The film spends the first 45 minutes kill-free, curiously choosing to build up the relationship between our stereotypically lonely kid Andy and his new Buddi doll. The dolls comes courtesy of Aubrey Plaza, who you can feel rolling her eyes in between takes as they go through the now-tired motions of a troubled household. Single mom who can’t connect to her son? Check. Deadbeat stepfather/boyfriend whose sole character trait is him going for beer in every scene? Check. Cute cat set up for the first kill? Check Checkity check. It’s to the movie’s detriment that this first act drags, leaving me checking the time.
But once the film finally gets to the kills, we are at last treated to some fun gore; the centerpiece being when a character’s face meets a mechanical garden implement. Subsequent stabbing, burning and sawing provide the movie with a much-needed boost; although a kill by an auto-driving uber is just a tad too ridiculous even for this film.

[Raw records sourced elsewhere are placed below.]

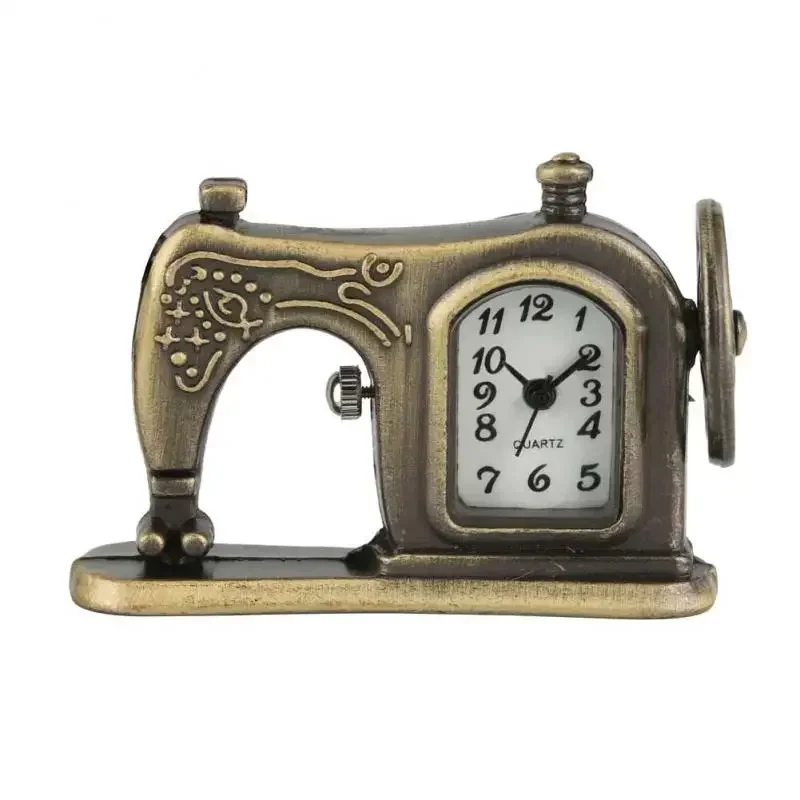 Unique Distinctive Sawing Machine Shape Pocket Watch Open Face Quartz Rectangle Dial with Arabic Numerals Pendant Clock
Unique Distinctive Sawing Machine Shape Pocket Watch Open Face Quartz Rectangle Dial with Arabic Numerals Pendant Clock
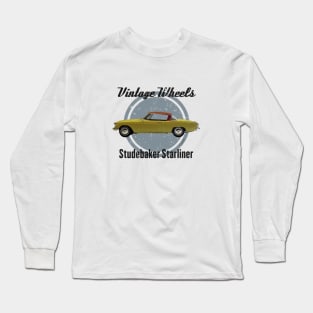 Vintage Wheels - Studebaker Starliner Long Sleeve T-Shirt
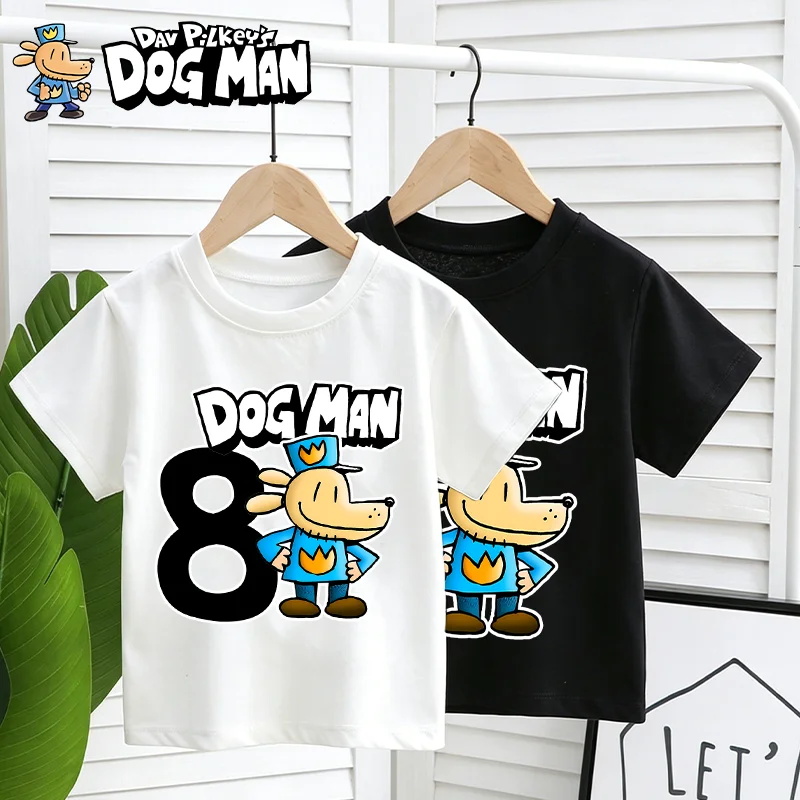 Dogs Mans T-shirts Cartoon Birthday Number Print T-shirt Kawaii Casuals Short Sleeves Tops Outfits Summer Anime Clothing Gifts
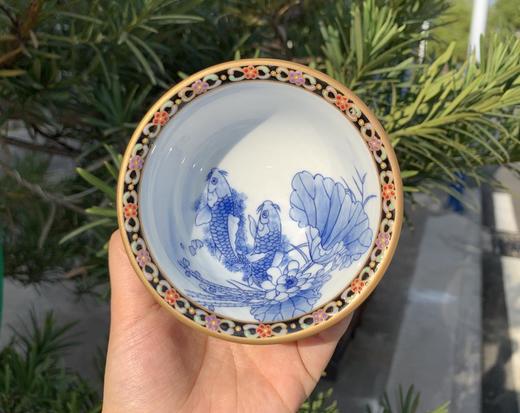 郎红敦煌青花连年有余珐琅杯 商品图0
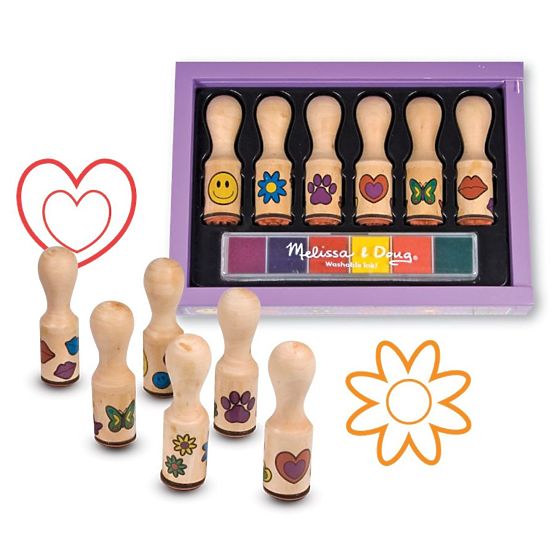 Lot de 6 tampons en bois Melissa & Doug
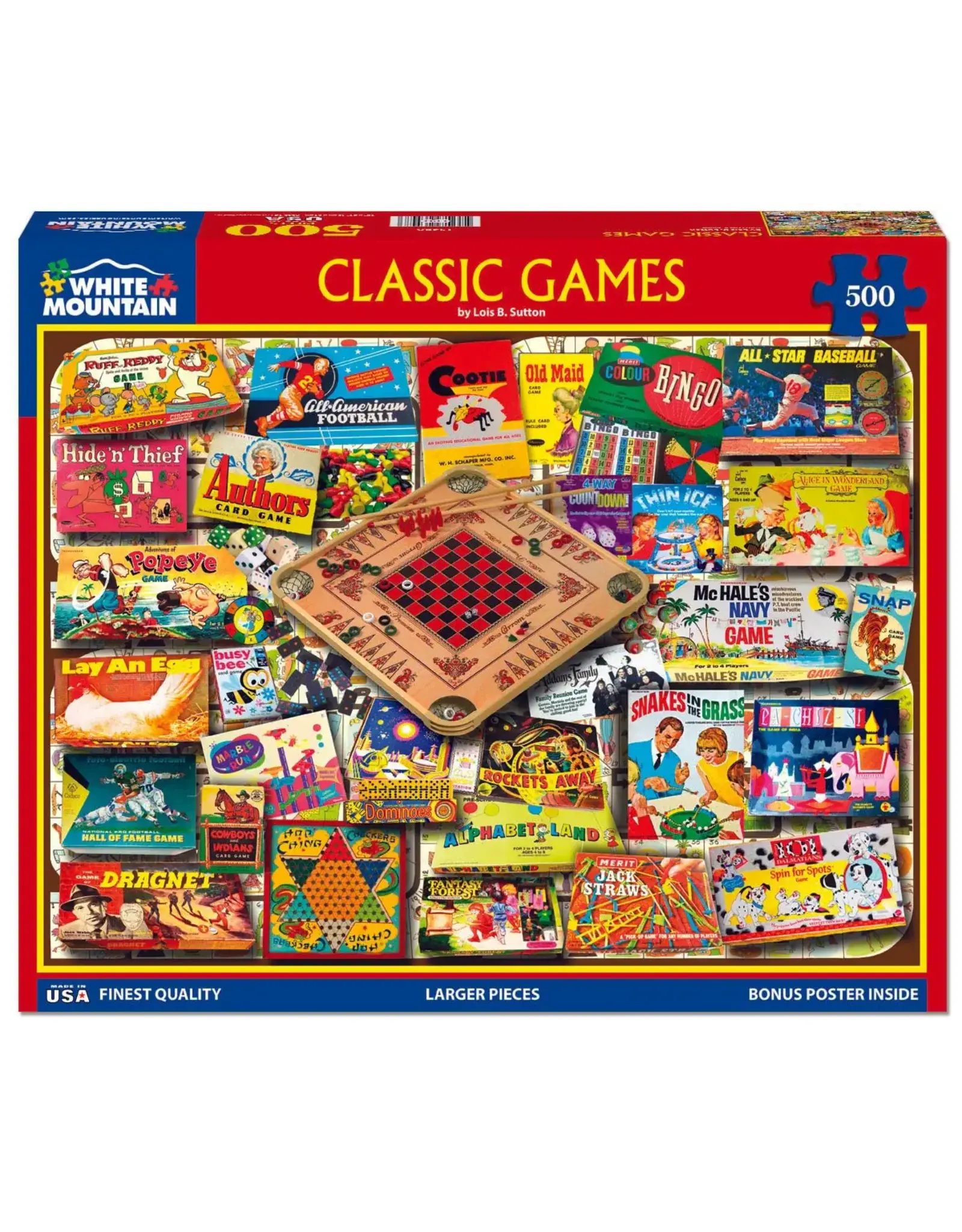 White Mountain Puzzles Classic Games 500pc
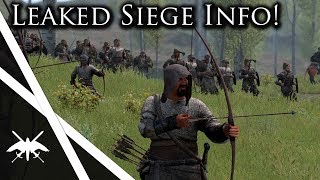 More LEAKED Bannerlord Mechanics Sieges 1000 Battle Size OP Couch Lancing [upl. by Rehpinnej]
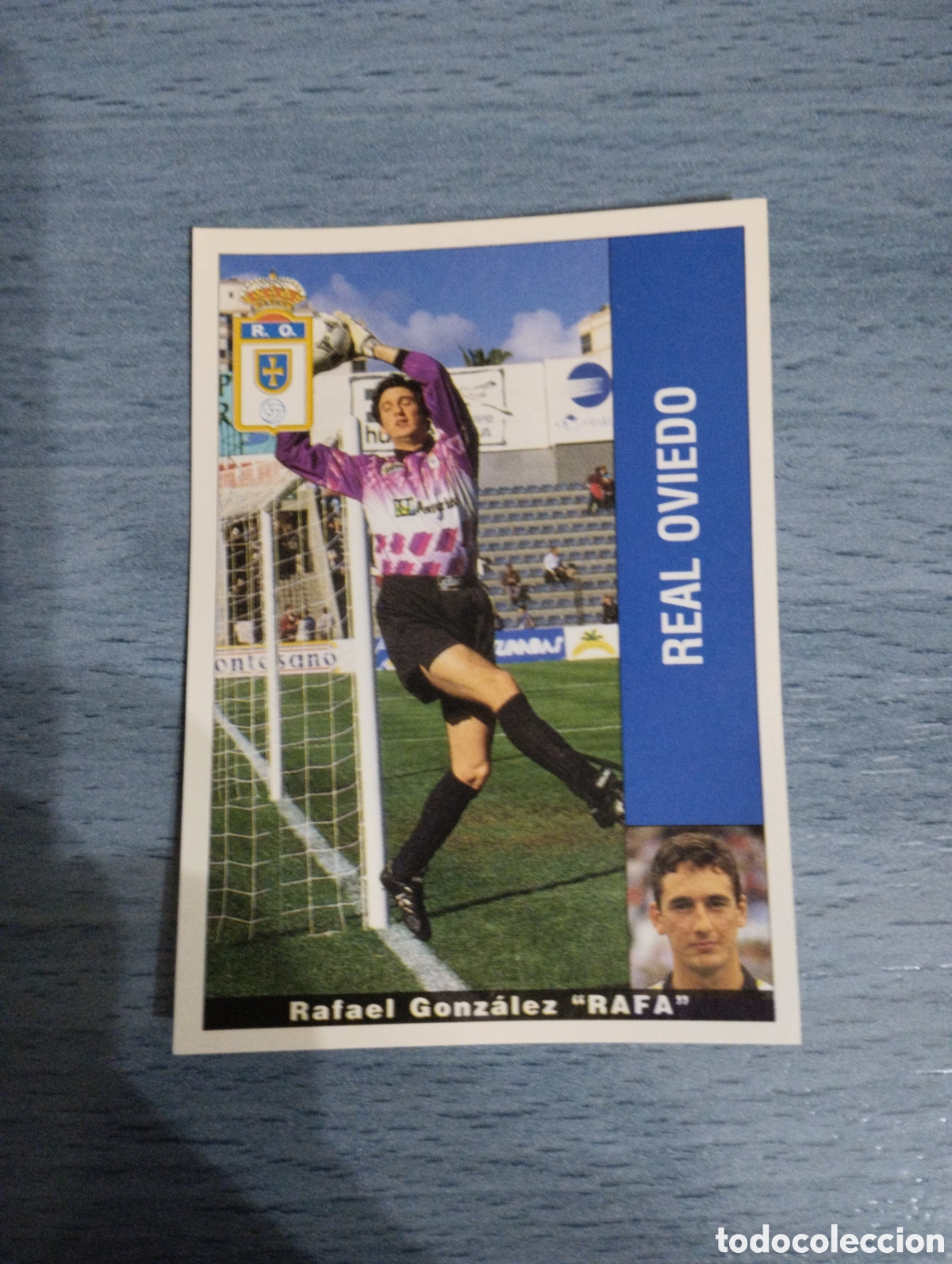 Cromos de F&uacute;tbol: Cromo Panini liga 95 96 rafa Oviedo sin pegar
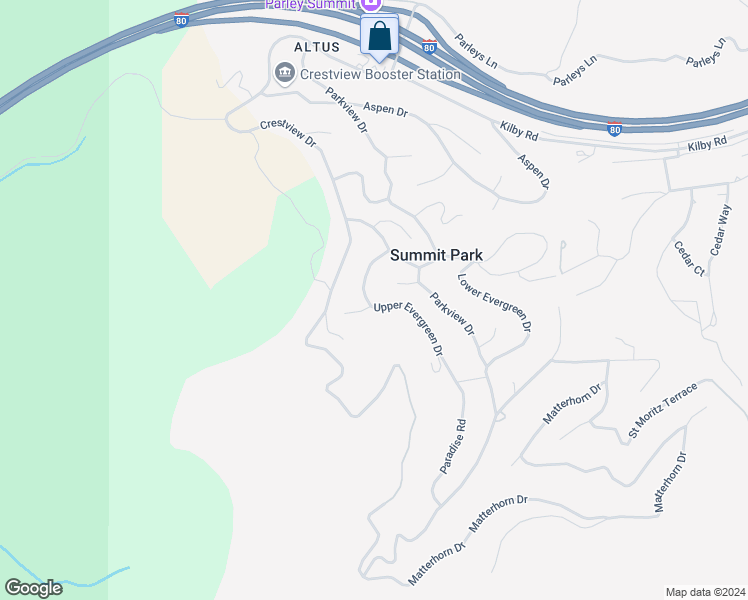 map of restaurants, bars, coffee shops, grocery stores, and more near 490 Upper Evergreen Drive in Park City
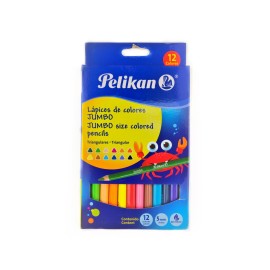 Caja C/12 Lápices De Colores Jumbo Triangulares Pelikan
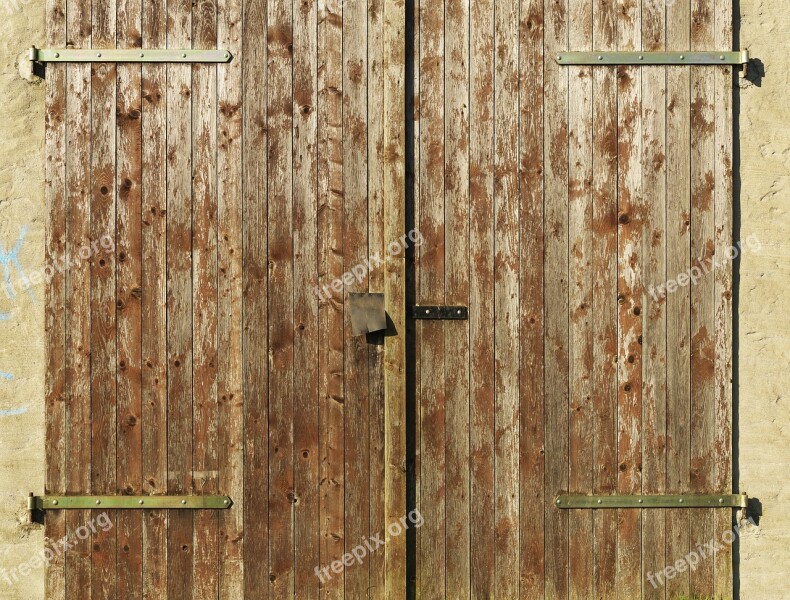 Wooden Boards Boards Wooden Gate Old Barn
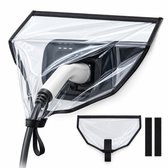 Joiride - Magnetische EV Laadhoes & Laadpoort Regenhoes - Waterdichte Beschermhoes voor Elektrische Auto - Transparant & Universeel - 50x60 cm - Zwart - CHARGESEAL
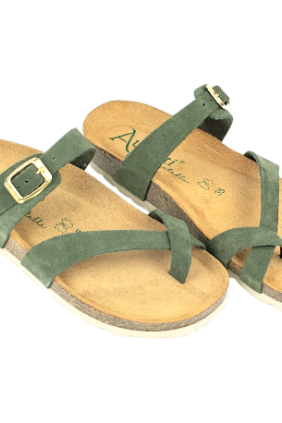 Sandalias de dedo Mujer en Piel - Autenti 3572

Sadly, just as things are ramping up, the movie takes a 10-minute detour to get into the subplot that maybe it’s Andy committing these crimes instead of the doll, with the local detective (Bryan Tyree Henry) starting to suspect his neighbor may be responsible for these deaths with child-sized footprints. Frustratingly, this thread has almost no payoff and yet the movie sits spinning its wheels while Chucky torments Andy for… reasons?
Well, a final-act massacre at the local toy store for the new Buddi doll release night both showcases some inventive kills while simultaneously revealing that this movie didn’t have the budge to pull off a final-act toy store massacre. Blood-splattered kids and razor-bladed drones zipping around provide some dark fun, but all too soon it’s off to the requisite finale that frustratingly chooses to emulate the original pretty much to a tee.
Child’s Play 2019 is a film with moments that want to make me defend it. The best part is Hamill’s characterization of Chuck, and he did his best to provide motivation for murderous plastic. The kills are pretty decent, there’s some fun dark humor, and the concept of an Alexa gone wrong is a good concept for a original Chucky film. Unfortunately, the film struggles to find the right pacing and tone; it just feels like there were too many hands on this production. The result: what could be a remake done right just dives right into just ho-hum slasher territory. I’d say it’s worth a rental if you’re curious, but there’s no reason to pick this over the Mancini original.